Hace
unos veinte días estuve en Burgos y contemplé en su catedral el lugar del
enterramiento del Cid y de su esposa doña Jimena. Hoy se cumplen 916 años de su
muerte, acaecida en Valencia el 10 de julio de 1099.
No
fue es esta catedral gótica, sino en la anterior románica, ante la que el Cid
se santiguó camino del destierro, y hasta su corcel…

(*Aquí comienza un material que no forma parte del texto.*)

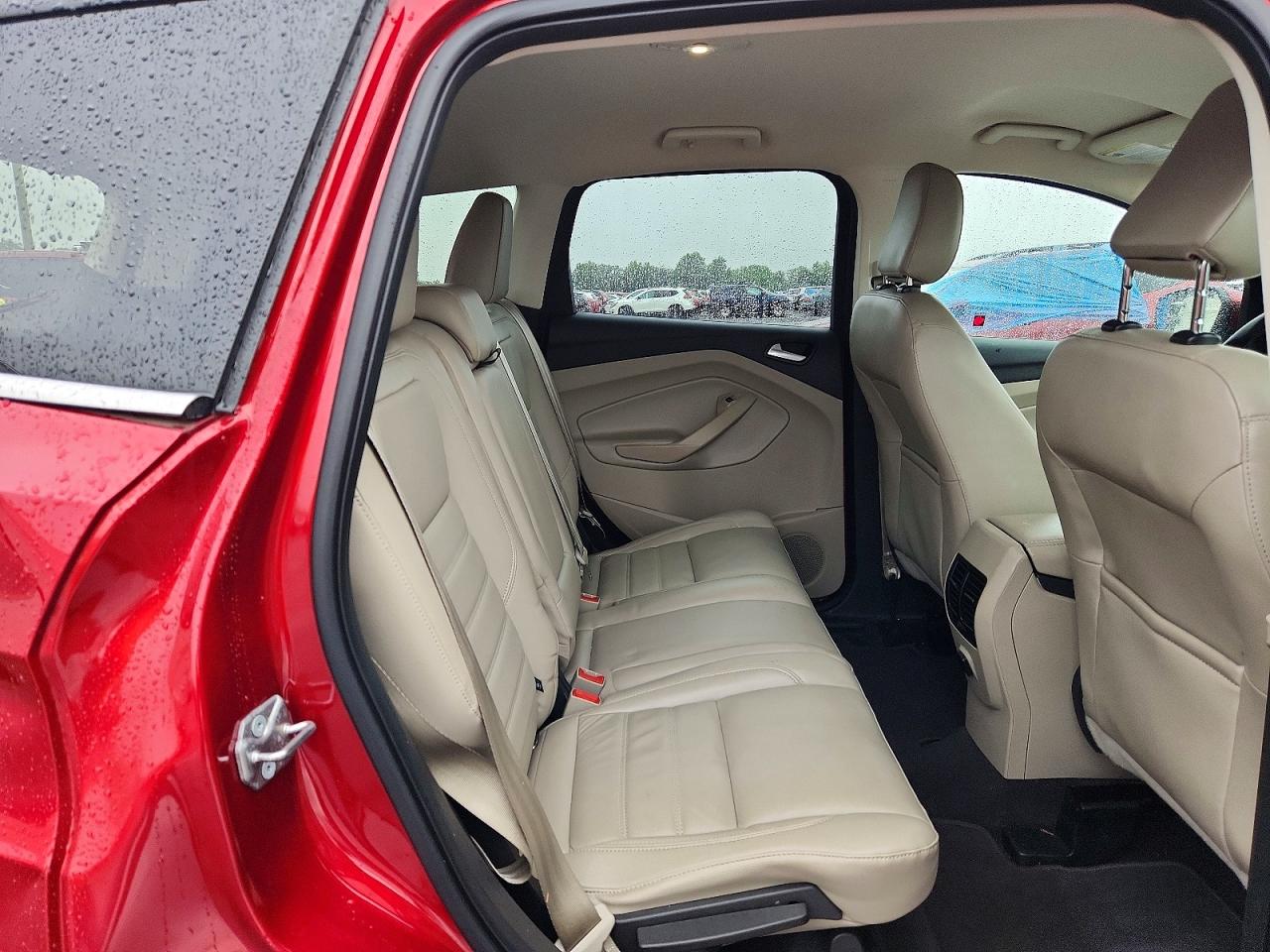 Ford Escape Sel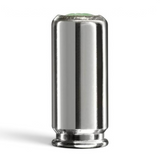 id-paintball Perfecta Titan 9mm P.A.K. Platzpatrone aus robustem Stahl mit grüner Verschlusskappe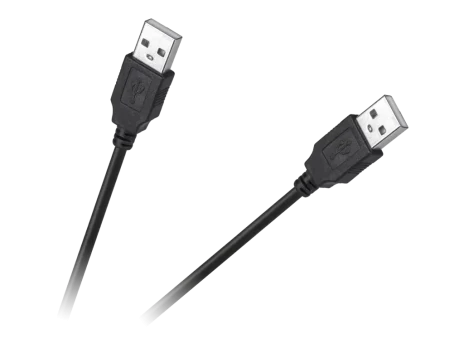 USB kištuko į kištukinį lizdą kabelis 3,0 m "Cabletech Eco-Line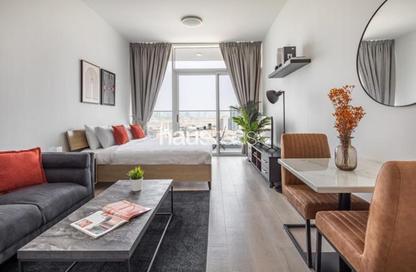Apartment - Studio - 1 for rent in Bloom Heights A - Bloom Heights - District 15 - Jumeirah Village Circle - Dubai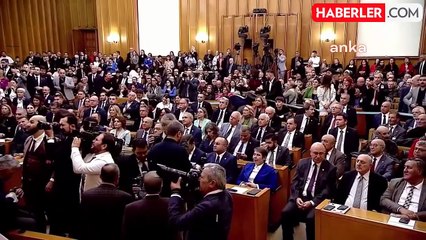 CHP Grup Toplantısı... Özel: İzmir'de 5 Çocuğun Hayatını Kaybettiği Yangına İlişkin TBMM'de Araştırma Komisyonu Kurulmasını Teklif Edeceğiz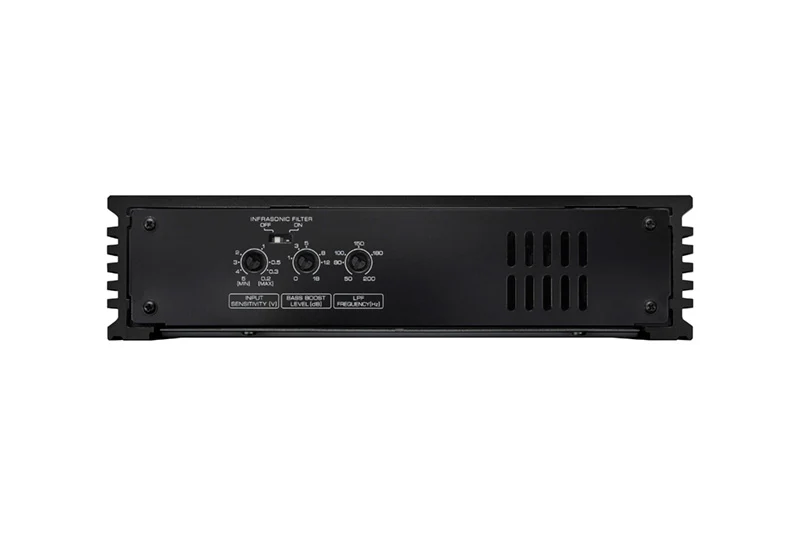 KENWOOD X502-1 | Amplificateur d'auto Mono Classe D 1000W - Image 4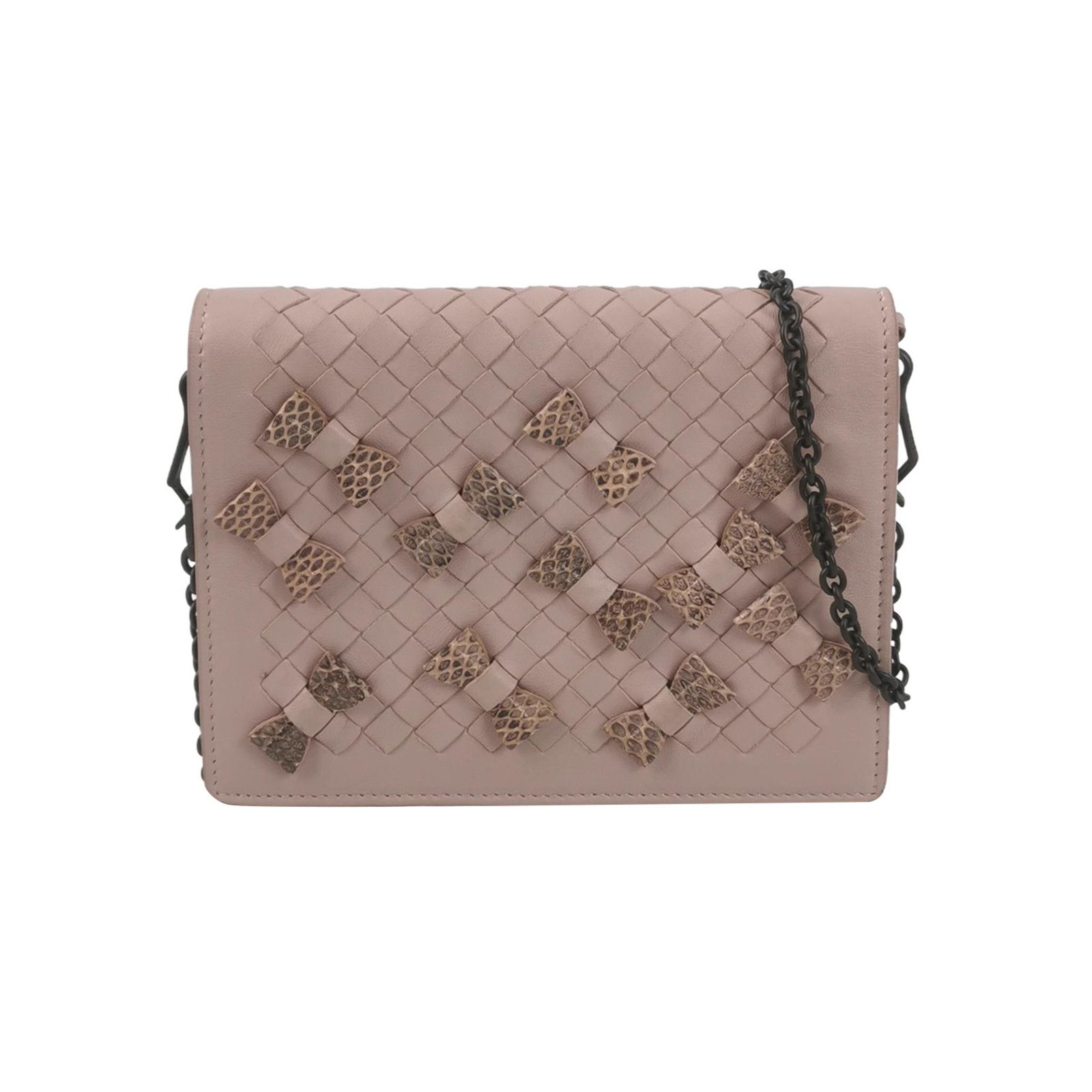 Bottega Veneta Bottega Veneta Women os Shoulder Bags Size ONE SIZE - 1 Thumbnail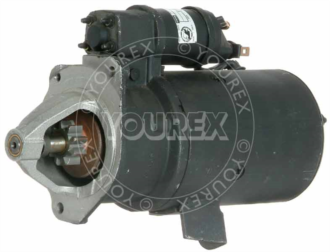0986 013 811 - Peugeot J9 Startm. 12V-2.5kW - Valeo/Paris-Rhone Ersättning - Startmotorer aggregat.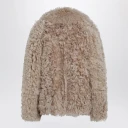 Blancha Dame Jakker Beige S,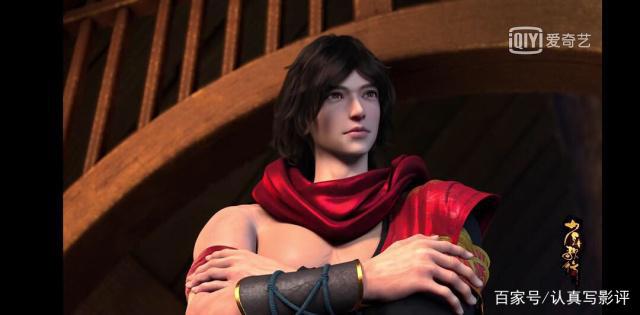 少年歌行：一部让你欲罢不能的动漫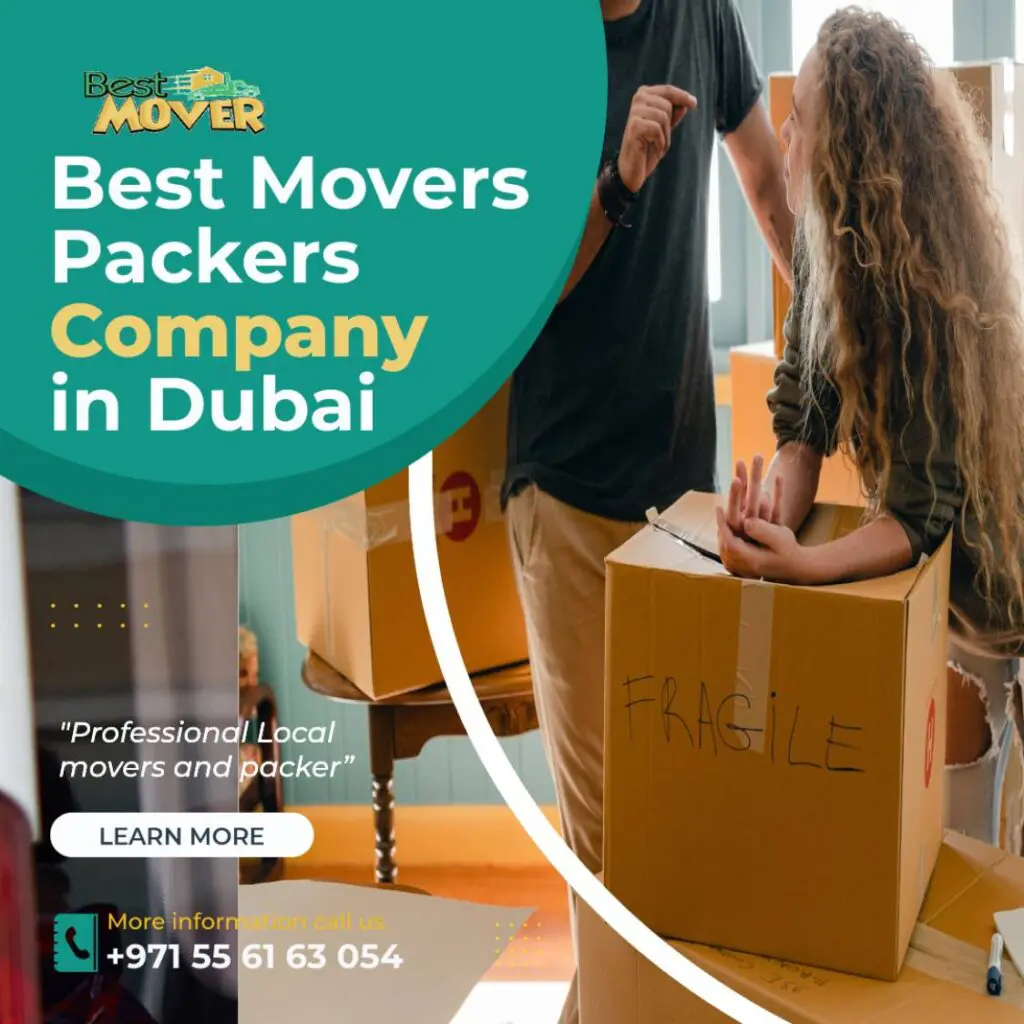 Movers Dubai - How to find full-service movers in Dubai 2 best relocation company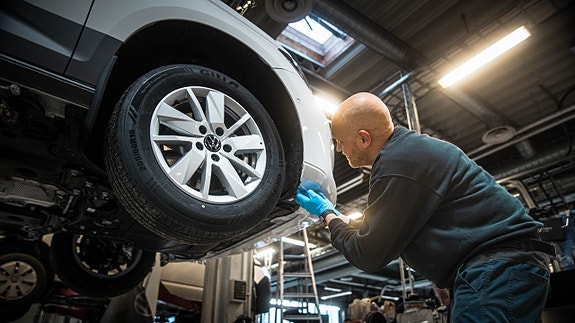Bilde fra arbeidsgiver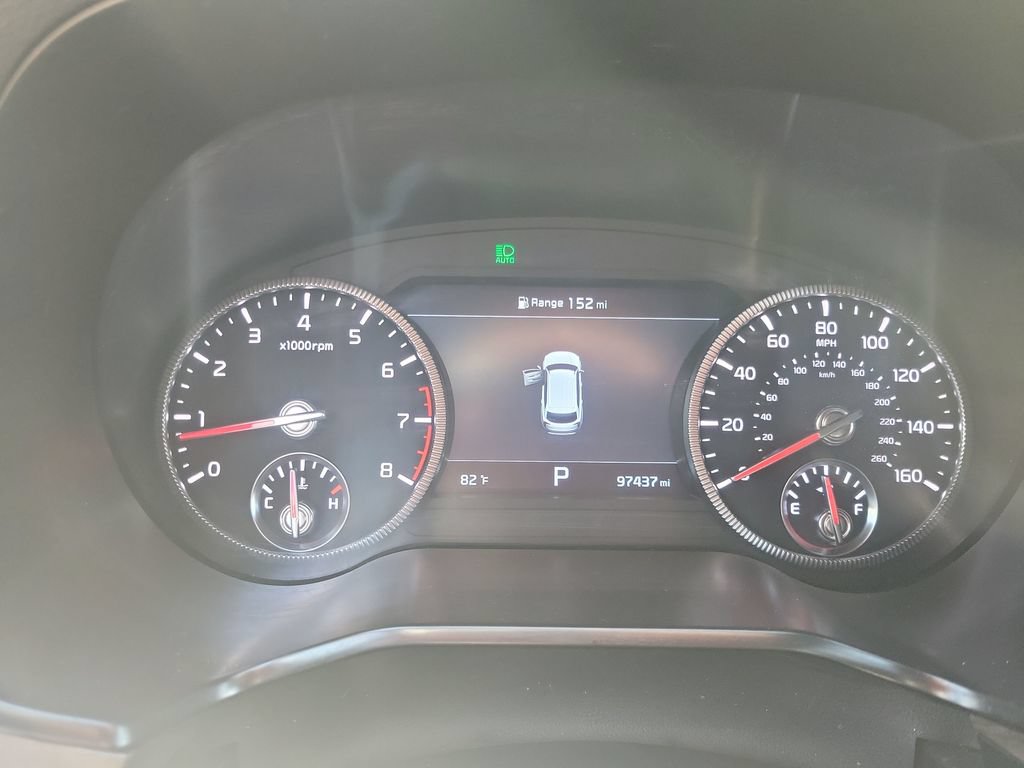 Used 2022 Kia Telluride SX w/ SX Prestige Package AWD/4WD image 22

«la cara el caballo tornó a Santa María,
alzó la mano diestra, la cara se santigua...».
Alejandro
Dumas, el de Los tres mosqueteros, a su paso por Burgos camino de la
corte para asistir a la boda de Isabel II con el duque de Cádiz y de su hermana
María Luisa con el duque de Montpensier, escribe:
–Preguntemos
al primer niño que hallemos al azar quién fue el Cid Campeador. El niño, que
quizá no pueda deciros el nombre de la graciosa reina que se sienta hoy en el
trono de Carlos V, os dirá que el Cid Campeador se llamaba Rodrigo y había
nacido en el Castillo de Vivar. Sabrá explicar en qué ocasión fue nombrado Cid;
cómo obligó al rey Alfonso a prestar, en la iglesia de Santa Gadea, juramento
de que no había tenido parte en la muerte de don Sancho; cómo el rey Alfonso
desterró al Cid; cómo, en el momento de partir, el Cid arrancó mil florines a
los judíos con el arbitrio de un cofre lleno de arena; cómo san Pedro le
anunció su muerte cercana, y, finalmente, cómo, ya muerto, el ingenioso Gil
Díaz, su escudero, le cabalgó, según las órdenes que había recibido de su amo
moribundo, en su caballo Babieca, su espada Tizona en la mano, y los moros, creyéndole
todavía vivo, emprendieron la fuga al verle, dejando veinte de sus reyes sobre
el campo de batalla.
El
Cid es «el Aquiles de nuestra patria —así lo describe Menéndez Pidal, su
crítico más apasionado—; su historia es nuestra Ilíada, nuestra epopeya;
no tenemos otra; y esta epopeya, como todas las verdaderas epopeyas, no es la
creación de un poeta ni de un historiador; es la creación de un pueblo».
El
Cid, el más ilustre hijo de la tierra burgalesa, aguarda junto a su esposa bajo
estos muros venerables, en el centro del crucero, la resurrección de la carne.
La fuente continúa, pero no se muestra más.